On est reparti dans une envolée épico-poétique fascinante au-delà de la 600e page de cette Grande Jonction parfois fastidieuse, m’a-t-il semblé, avec de vrais « tunnels » où le romancier s'enferre, et qui rebondit ici dans une nouvelle suite d’illuminations narratives dont la première rejoint les représentations du «dernier des hommes» du début du XXe siècle, selon Nietzsche ou Dostoïevski et son Chigalev, le nivellisme généralisé dans L’inassouvissement de Witkiewicz ou l’homme formaté du 1984 d’Orwell, tout s’acheminant aussi bien vers la constitution d’une seule « grande marque déposée, monomodèle, monosérielle », scellant une « indifférenciation générale de toute l’humanité ».

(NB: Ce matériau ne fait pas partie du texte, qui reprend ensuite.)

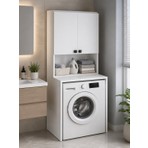 Sheila Concept Susa Çamaşır Makinesi Üst Dolabı | Çok Amaçlı Banyo ve Çamaşır Odası Düzenleyici | Raflı Kapaklı Depolama Dolabı | Arkalıklı Sırt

Parallèlement à la collision frontale du Grand Blizzard et du Vent de Sable, avatars physique et climatique d’une catastrophe d’ordre ontologique et métaphysique, c’est de fait à l’apparition d’un « néomonde» gris, univers de boue figurant quel morne paradis, qu’on assiste alors qu’une nouvelle atteinte de La Chose, qui s’en est prise déjà à ce qui constitue l’individu, en attaquant son langage, travaille désormais à l’effacement de tout texte écrit à la surface du globe afin de préparer un nouveau mode de communication indifférencié évoquant le cerveau intégré de la fourmilière, pour reprendre une vieille métaphore contre-utopique.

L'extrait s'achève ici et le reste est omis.